I made sure they both knew I loved them every day.

It had taken almost all of the three months, but I finally read Beckett’s last letter, and that was what got me here, into this house he built for the four of us—that would now house three.

Love enough for the both of us. That’s what he’d said in the letter. And it spoke to my heart in a way nothing else could. Because that’s what Colt would have wanted. He would have wanted to move into this house and live our life with the guy we all loved.

The man who craved my words and owned my heart.

He’d signed that letter with his real name. The last words Chaos had spoken to me merged the two men I loved until I saw them both in the Beckett who was currently looking at my garlic press like it was a torture device.

“This drawer,” I told him, opening the one at my hip.

“Eyelash curler?” he asked, dropping it in the drawer.

“It’s for smoothies. Works great on strawberries.” I shrugged.

“Liar!” He laughed, then went back to unpacking.

I glanced out the window at the island and took a steadying breath as that ache ripped into me. Then I grabbed the next box and started unpacking, item by item, merging my life with Beckett’s. I moved forward because that’s where Beckett and Maisie were, and that’s what Colt would have wanted. After all, he was here, too, in every line of this house Beckett had built for him—for us.

I still heard echoes of his footsteps on the stairs, his laugh in the halls. There were even moments I swore I caught the scent of his sunshine-soaked hair, like he’d sneaked in for a hug and run off again before I could capture him fully. The bedroom Beckett kept for him was untouched except for the boxes we’d brought from my house. I wasn’t ready to go there yet, and that was okay.

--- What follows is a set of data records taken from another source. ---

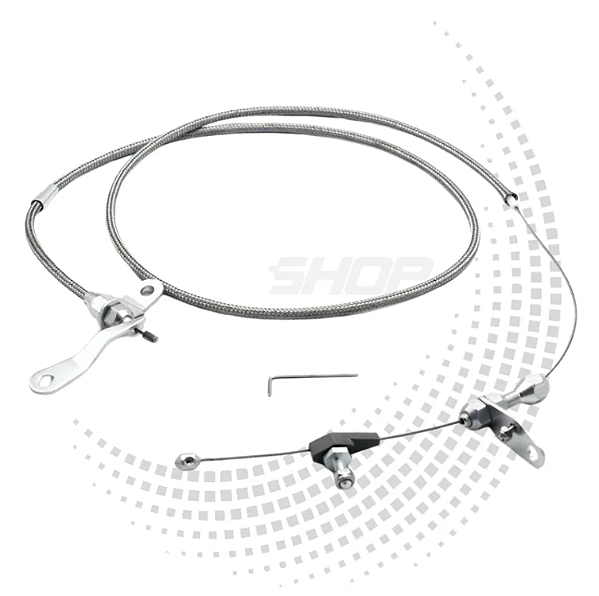 Cabo de comando "Kickdown" BTS para transmissão C4 e C6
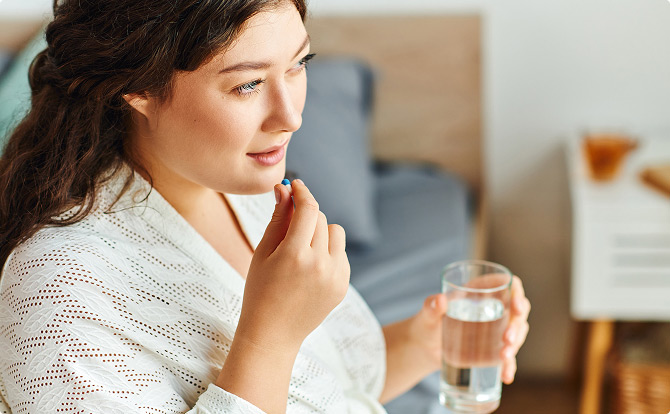 Rybelsus weight loss tablets on a desk representing an effective fat burn solution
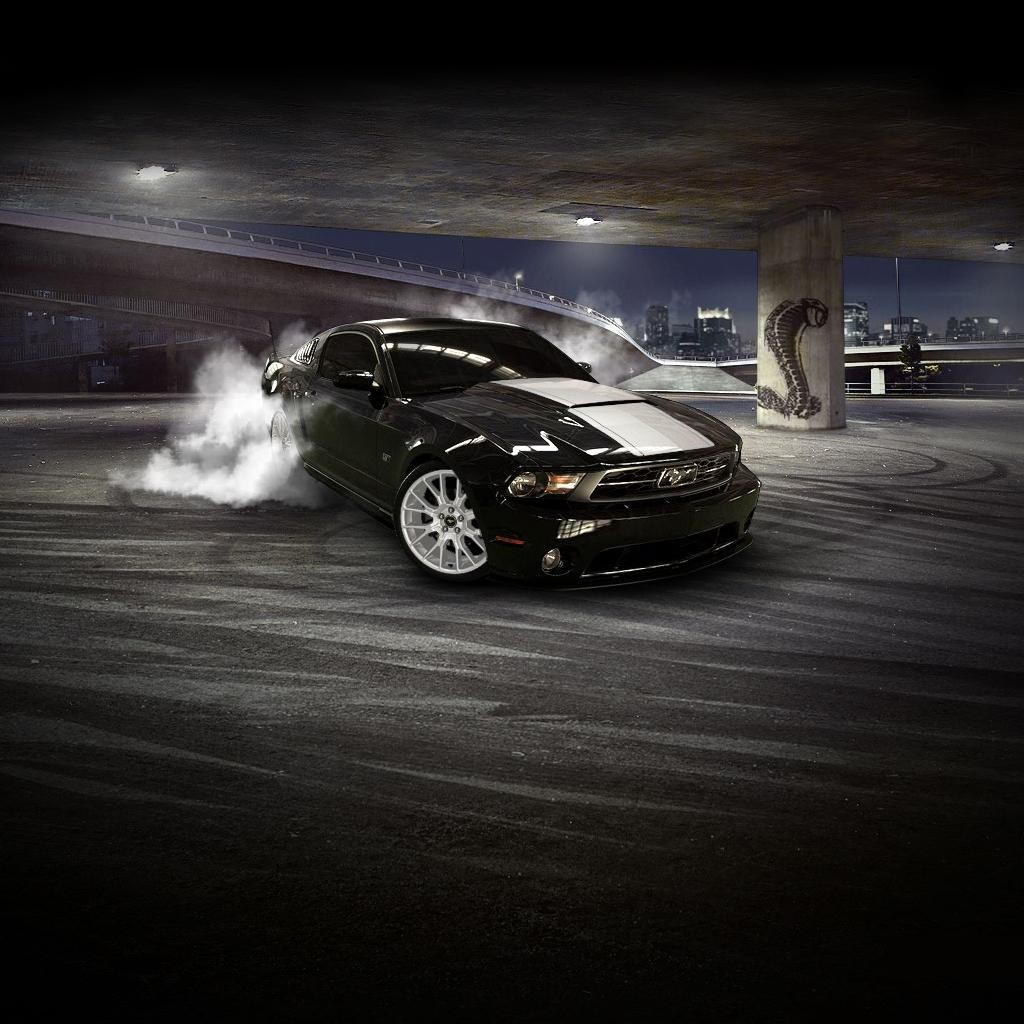 Ford Mustang Shelby GT500 wallpaper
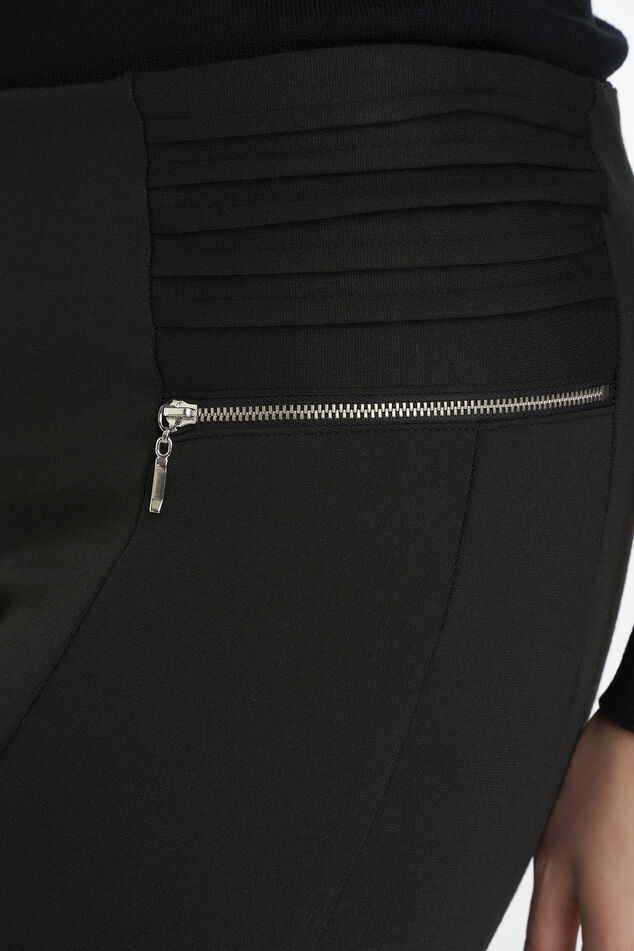 Tregging met ritsdetail image number 5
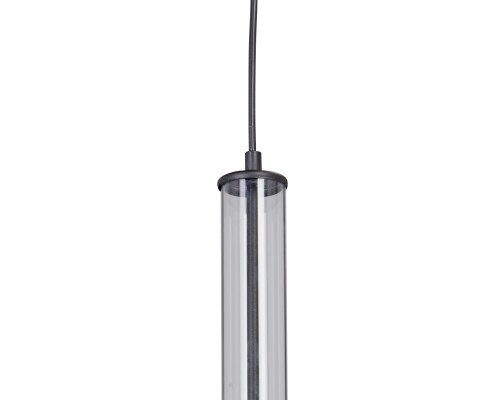 Подвесной светильник Vitaluce V4836-1/1S, 1хЕ27 макс. 40Вт черный матовый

There were too many memories I wasn’t ready to pack away. I’d taken one look at the helmet Colt had worn that first Halloween in the hospital and known I wouldn’t be able to make it through a single box.

But Maisie had grabbed the helmet and smiled, remembering when she’d traded with Colt to wear it that night.

He’d worn her halo.

Like they’d known they’d eventually switch roles.

Like it had been planned all along, and I’d simply missed the signs.

“Do you think the lake is frozen enough to walk on?” I asked Beckett.